━━━━━ DATA FOR THIS TASK ━━━━━

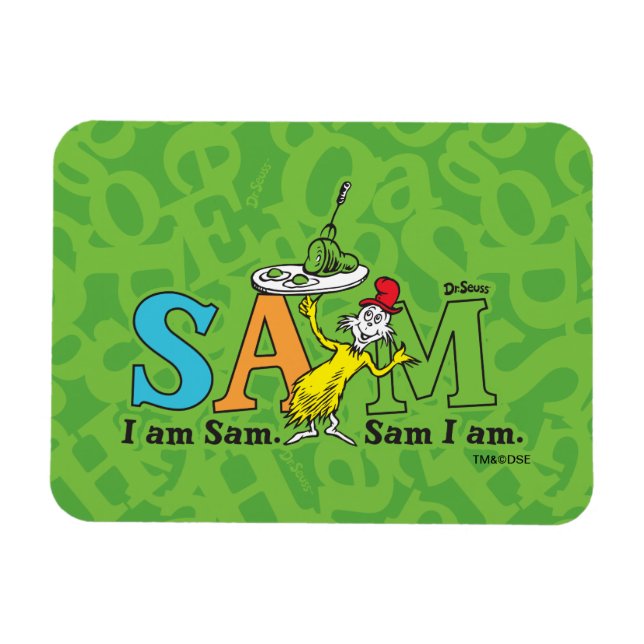 Dr. Seuss | Ich bin Sam. Sam I. Magnet (Horizontal)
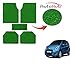 Auto Hub Anti-Slip Car Grass Mat For Maruti Suzuki A-Star - Green RS.1199.00
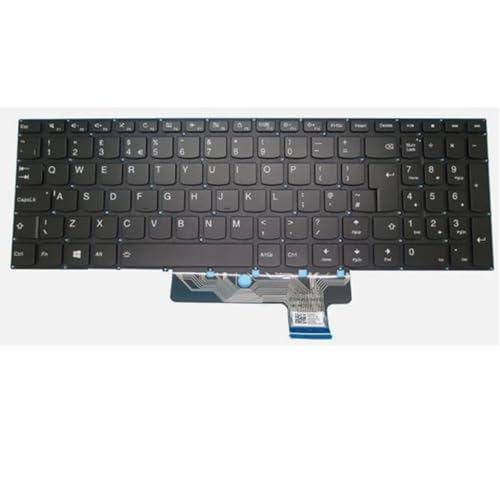 Clavier Lenovo Flex 4-1580 avec touches réactives édition UK noir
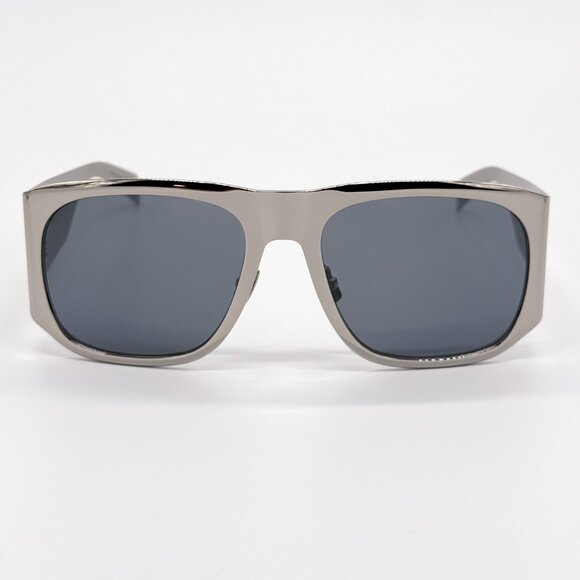 NEW SAINT LAURENT SL636 002 SUNGLASSES MEN SILVER SQUARE SL 636 002 SUNGLASSES - Picture 4 of 11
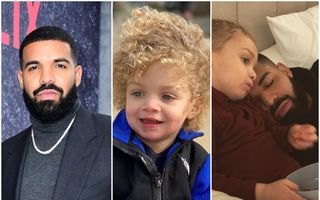 Copilul-surpriză: Deși nu își dorea să devină tată, Drake este topit după fiul său blond cu ochi albaștri
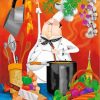 The Chef Cooking diamond painting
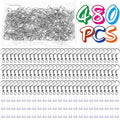 Cridoz Earring Hooks for Jewelry Making Supplies, 240pcs Hypoallergenic Stainless Steel Fish Hooks Kit With 240pcs Earring Backs - color: Silver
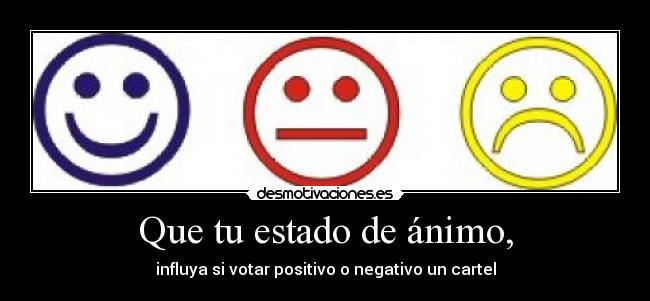 carteles votar animo desmotivaciones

━━━━━

### PROBLEM STATEMENT:
Leave out the pictures and return the rest of the records exactly.

### ANSWER TO THIS TASK:
 Dr. Seuss | Ich bin Sam. Sam I. Magnet (Horizontal)
 Auto Hub Anti-Slip Car Grass Mat For Maruti Suzuki A-Star - Green RS.1199.00
 Clavier Lenovo Flex 4-1580 avec touches réactives édition UK noir
 NEW SAINT LAURENT SL636 002 SUNGLASSES MEN SILVER SQUARE SL 636 002 SUNGLASSES - Picture 4 of 11
 Copilul-surpriză: Deși nu își dorea să devină tată, Drake este topit după fiul său blond cu ochi albaștri
 The Chef Cooking diamond painting
 Cridoz Earring Hooks for Jewelry Making Supplies, 240pcs Hypoallergenic Stainless Steel Fish Hooks Kit With 240pcs Earring Backs - color: Silver
 carteles votar animo desmotivaciones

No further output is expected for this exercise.